Additionally, components illustrated or discussed as being included in one of the computing systems 20 or 40 can instead be included in another one of the computing systems 20 or 40.

[00161] Computing tasks discussed herein as being performed at computing device(s) remote from the autonomous platform (e.g., autonomous vehicle) can instead be performed at the autonomous platform (e.g., via a vehicle computing system of the autonomous vehicle), or vice versa. Such configurations can be implemented without deviating from the scope of the present disclosure. The use of computer-based systems allows for a great variety of possible configurations, combinations, and divisions of tasks and functionality between and among components. Computer-implemented operations can be performed on a single component or across multiple components. Computer- implemented tasks or operations can be performed sequentially or in parallel. Data and instructions can be stored in a single memory device or across multiple memory devices.

[00162] Aspects of the disclosure have been described in terms of illustrative implementations thereof. Numerous other implementations, modifications, or variations within the scope and spirit of the appended claims can occur to persons of ordinary skill in the art from a review of this disclosure. Any and all features in the following claims can be combined or rearranged in any way possible. Accordingly, the scope of the present disclosure is by way of example rather than by way of limitation, and the subject disclosure does not preclude inclusion of such modifications, variations or additions to the present subject matter as would be readily apparent to one of ordinary skill in the art. Moreover, terms are described herein using lists of example elements joined by conjunctions such as “and,” “or,” “but,” etc. It should be understood that such conjunctions are provided for explanatory purposes only. Lists joined by a particular conjunction such as “or,” for example, can refer to “at least one of’ or “any combination of’ example elements listed therein, with “or” being understood as “and/or” unless otherwise indicated. Also, terms such as “based on” should be understood as “based at least in part on.”

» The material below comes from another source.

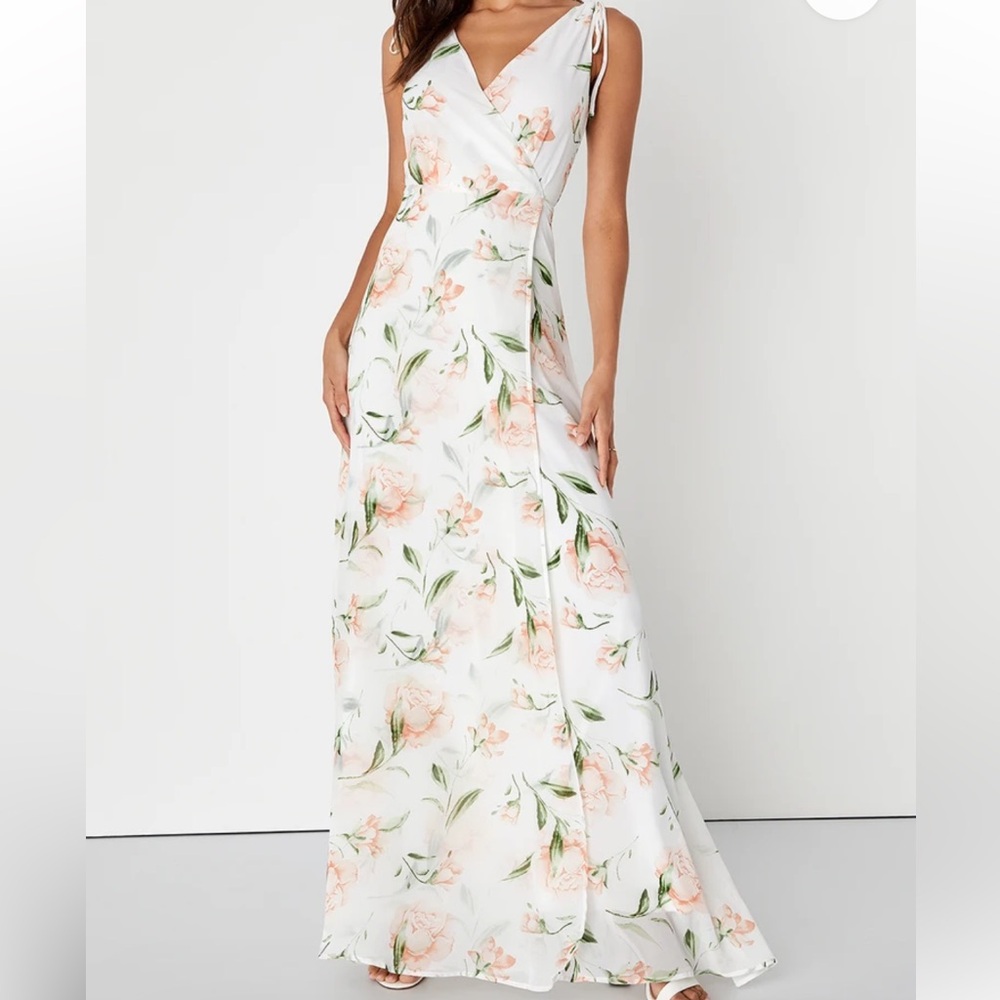 NWOT Lulus White Romantic Possibilities Dress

[00163] Those of ordinary skill in the art, using the disclosures provided herein, will understand that the elements of any of the claims, operations, or processes discussed herein can be adapted, rearranged, expanded, omitted, combined, or modified in various ways without deviating from the scope of the present disclosure. Some of the claims are described with a letter reference to a claim element for exemplary illustrated purposes and is not meant to be limiting. The letter references do not imply a particular order of operations. For instance, letter identifiers such as (a), (b), (c), . . . , (i), (ii), (iii), . . . , etc. can be used to illustrate operations. Such identifiers are provided for the ease of the reader and do not denote a particular order of steps or operations. An operation illustrated by a list identifier of (a), (i), etc. can be performed before, after, or in parallel with another operation illustrated by a list identifier of (b), (ii), etc.